I recall how one Southern Mindanao congressman chided us during budget hearings that his constituents eat much better-quality rice than the NFA provides.  And just as cheap, he would add.

What does the Bureau of Customs do, I asked.  His answer, with a wink of an eye, “may magagawa ba sila?”

One of Asia’s largest manufacturers of snack foods, Oishi, which is a Filipino company made big and international by the pioneering Carlos Chan, established a factory in the outskirts of Urumqi, the commercial capital of Xinjiang, China’s westernmost province.

Looking at the desolation of the Xinjiang desert and its sparse population, you would wonder why Oishi would locate there, besides being given generous tax breaks by the autonomous region’s government. Xinjiang is also far removed from central China with its bigger market.

But it borders Kazakhstan and Kyrgyzstan, not to mention Mongolia.  Think of all the cross-border activity and the numerous market potentials.

Swiss families would travel by car on weekends from Schaffhausen in their eastern border to Neuhausen am Rheinfall in Germany where the Rhine River begins to flow through all of Germany until it empties into the North Sea.  They don’t go there just to watch the awesome waterfalls, but take advantage of the lower cost of groceries, because of the VAT difference between the two countries.

Imagine the customs activity among the countries of Europe when they were still disparate countries not bound together by the European Union.  Back in 1978, on my first trip to Europe, we stopped at every country border and immigration officers asked to see our passports.  With Schengen visas nowadays, that has become a thing of the past.

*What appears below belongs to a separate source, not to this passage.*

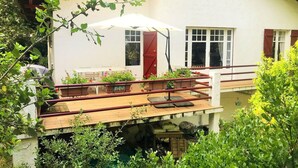 Une maison à deux étages avec un balcon, un coin repas avec du mobilier d’extérieur et une fenêtre avec une porte rouge.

As far as goods are concerned, produce from Spain and Italy are trucked each day to Paris, and from there to the Benelux countries without border inspections.

Back to Southeast Asia, the countries of which altogether constitute one of the world’s biggest rice granaries, the common denominator is the Mekong River, which flows from the plateaus of Tibet to southern China, Myanmar, Laos, Thailand, Cambodia, and ending up in southern Vietnam before it empties into the South China Sea.

In similar fashion, water flows from the Himalayan regions to Kashmir in India, to irrigate rice fields in both India and Pakistan, the other big rice producers of the world.

The common denominator for rice production is always water, whether it is the Mississippi in the US, or the Amazon in Brazil, the Yellow and Yangtze in China, or the Mekong in Southeast Asia.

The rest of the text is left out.